Oggi la realtà socioeconomica, il modificarsi della cultura, un diverso modo di vivere le relazioni affettive, l’allungamento della scolarità e del relativo ingresso nel mondo del lavoro, rendono tutto più difficile. Si sta così perdendo quello che fino ad ora poteva ancora essere definito come un confine fra l’età adolescenziale e quella adulta, il tutto porta a una certa confusione percepita in prima istanza dal soggetto stesso. Infatti se mentre si era ragazzi la confusione dovuta alla crescita era qualcosa di sopportabile e integrabile in un cammino evolutivo e ci vi poteva anche permettere di vivere alla giornata, per i giovani adulti non è così ed essa può diventare fonte di disagio e sofferenza nel capire chi si è.
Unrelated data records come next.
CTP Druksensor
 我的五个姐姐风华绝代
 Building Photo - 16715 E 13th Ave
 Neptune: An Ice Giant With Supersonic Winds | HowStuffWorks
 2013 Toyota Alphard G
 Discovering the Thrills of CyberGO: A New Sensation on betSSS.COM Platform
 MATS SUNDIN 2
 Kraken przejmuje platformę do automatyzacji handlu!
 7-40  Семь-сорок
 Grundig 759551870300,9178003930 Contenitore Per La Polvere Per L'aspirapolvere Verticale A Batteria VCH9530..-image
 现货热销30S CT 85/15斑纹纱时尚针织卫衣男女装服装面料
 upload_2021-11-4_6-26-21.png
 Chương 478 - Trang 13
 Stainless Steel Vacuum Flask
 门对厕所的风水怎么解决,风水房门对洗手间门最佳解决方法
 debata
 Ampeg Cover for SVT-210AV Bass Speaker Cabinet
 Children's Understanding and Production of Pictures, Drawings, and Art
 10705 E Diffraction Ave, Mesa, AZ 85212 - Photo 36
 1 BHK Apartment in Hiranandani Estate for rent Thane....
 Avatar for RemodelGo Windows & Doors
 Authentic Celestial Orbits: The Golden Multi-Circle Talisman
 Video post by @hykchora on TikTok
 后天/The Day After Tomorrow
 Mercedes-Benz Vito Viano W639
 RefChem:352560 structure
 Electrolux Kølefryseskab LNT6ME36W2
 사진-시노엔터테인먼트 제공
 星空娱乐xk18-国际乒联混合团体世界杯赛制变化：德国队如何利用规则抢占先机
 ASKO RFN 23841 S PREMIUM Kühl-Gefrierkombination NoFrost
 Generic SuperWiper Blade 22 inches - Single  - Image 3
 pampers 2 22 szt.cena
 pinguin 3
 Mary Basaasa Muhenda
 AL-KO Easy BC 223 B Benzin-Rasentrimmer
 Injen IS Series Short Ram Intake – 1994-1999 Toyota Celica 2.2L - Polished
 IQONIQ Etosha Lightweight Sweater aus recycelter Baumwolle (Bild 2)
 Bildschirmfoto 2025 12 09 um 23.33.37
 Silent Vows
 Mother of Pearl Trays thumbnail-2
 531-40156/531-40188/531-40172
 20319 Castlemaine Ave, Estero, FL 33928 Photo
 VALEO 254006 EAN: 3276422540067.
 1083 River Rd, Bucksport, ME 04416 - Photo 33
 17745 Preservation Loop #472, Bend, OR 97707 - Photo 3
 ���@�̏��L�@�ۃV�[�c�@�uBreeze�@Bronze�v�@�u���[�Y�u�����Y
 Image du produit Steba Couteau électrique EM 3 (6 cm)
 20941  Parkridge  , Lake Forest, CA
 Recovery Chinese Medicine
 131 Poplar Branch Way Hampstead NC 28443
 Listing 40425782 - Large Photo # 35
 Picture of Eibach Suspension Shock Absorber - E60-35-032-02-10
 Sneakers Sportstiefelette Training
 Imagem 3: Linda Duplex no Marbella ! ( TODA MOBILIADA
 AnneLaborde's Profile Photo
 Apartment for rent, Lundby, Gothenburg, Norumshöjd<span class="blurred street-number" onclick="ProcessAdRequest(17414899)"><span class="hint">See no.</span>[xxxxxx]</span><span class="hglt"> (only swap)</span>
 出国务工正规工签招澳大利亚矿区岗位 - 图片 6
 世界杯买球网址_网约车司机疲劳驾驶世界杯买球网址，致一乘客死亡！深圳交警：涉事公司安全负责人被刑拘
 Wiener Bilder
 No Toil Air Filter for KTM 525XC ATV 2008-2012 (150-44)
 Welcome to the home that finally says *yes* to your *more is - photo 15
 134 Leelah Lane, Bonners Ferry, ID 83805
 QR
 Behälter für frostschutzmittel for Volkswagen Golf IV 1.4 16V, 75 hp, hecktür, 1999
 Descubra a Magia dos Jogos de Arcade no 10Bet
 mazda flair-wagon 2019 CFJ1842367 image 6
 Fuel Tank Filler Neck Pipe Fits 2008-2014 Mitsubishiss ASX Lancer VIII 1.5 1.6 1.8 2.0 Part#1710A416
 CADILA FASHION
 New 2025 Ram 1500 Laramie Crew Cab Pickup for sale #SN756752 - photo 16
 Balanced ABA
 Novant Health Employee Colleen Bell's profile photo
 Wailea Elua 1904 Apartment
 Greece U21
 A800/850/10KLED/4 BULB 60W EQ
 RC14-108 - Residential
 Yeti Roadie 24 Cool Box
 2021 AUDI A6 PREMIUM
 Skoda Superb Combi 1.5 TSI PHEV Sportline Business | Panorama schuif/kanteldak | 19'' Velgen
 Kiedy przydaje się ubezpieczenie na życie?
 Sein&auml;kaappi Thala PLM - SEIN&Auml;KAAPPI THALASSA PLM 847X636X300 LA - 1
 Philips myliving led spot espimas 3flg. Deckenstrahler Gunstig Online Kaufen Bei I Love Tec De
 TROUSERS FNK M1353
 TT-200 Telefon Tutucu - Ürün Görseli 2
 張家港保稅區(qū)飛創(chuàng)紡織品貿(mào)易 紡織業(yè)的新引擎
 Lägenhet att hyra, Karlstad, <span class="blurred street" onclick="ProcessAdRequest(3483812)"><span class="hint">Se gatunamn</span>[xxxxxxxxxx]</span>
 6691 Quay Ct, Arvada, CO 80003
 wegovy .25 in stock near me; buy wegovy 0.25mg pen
Questo si manifesta inizialmente nel periodo legato alla scelta dell’università o del lavoro, non si sa quale possa essere, l’incertezza evidenzia una certa mancanza di consapevolezza del proprio progetto di vita, così si bloccano le prospettive di speranza legate al futuro; se questo dolore diventa eccessivo, avremo come conseguenza un vero blocco evolutivo che va ad influire sul passaggio all’età adulta che rappresenta come una nuova nascita, la quarta (infanzia, adolescenza, giovinezza, maturità).
Un giorno è arrivato anche per Gesù il momento di prendere in mano la propria esistenza e realizzare il suo progetto di vita, con l’arresto di Giovanni Battista (cfr. Mt 4,12 ss.) lascia Nazaret, quella che fino ad ora per tutta l’infanzia e la giovinezza era stato il luogo dove era cresciuto intessendo quei normali rapporti che ognuno può vivere in una cittadina piccola, dove tutti si conoscono. Ora parte, cambia luogo di residenza, diventa un “rabbì” itinerante, sceglie di non sposarsi ma di radunare intorno a sé un gruppo di amici con i quali condividere la realizzazione del proprio progetto.
È un passaggio determinante per la sua vita, tutto non sarà più come prima, una scelta originaria rinnovata più e più volte di fronte a difficoltà e incomprensioni, tutte cose che non lo fermano. Arriva anche per lui un momento nel quale deve prendere in modo forte la decisione di dirigersi verso quel luogo e quel momento che rappresenteranno il compimento della propria vita (cfr. Lc 9,51 ss.). Nuovamente la vita è sottoposta a un momento di discontinuità nel quale cambia assumendo un sapore e un passo diversi. Questa sua ferma decisione è in sintonia con la decisione del nostro giovane capitato di sopra, di assumere il comando della nave, è l’invito a ciascuno di noi ad una vita vissuta in modo pieno che si fa protagonista senza lasciarsi sballottare da quanto accade. La compagnia dei suoi discepoli gli è sicurante di aiuto, anche nell’affrontare la non accoglienza da parte di tanti, l’incomprensione di chi non vede compiersi in lui di un progetto grande, il tutto in un cuore rappacificato che non si nutre di vendetta, ma continua a cercare e a camminare con speranza.
Infine arriva il giorno nel quale Gesù si trova da solo di fronte al tutto, nell’orto degli Ulivi (cfr. Lc 22,39 ss.), messo davanti alla decisione più importante da dover prendere, sentendone tutto il peso non solo psicologico e fisico, ma anche mettendo al centro il suo rapporto con il Padre. La sua risposta è un sì pieno alla vita, anche se dovrà passare attraverso la morte, con il far propria una volontà nella quale ci scopriamo non solitari fautori di tutto, ma parte di un progetto da abbracciare e che diventa mio nel momento in cui lo scelgo.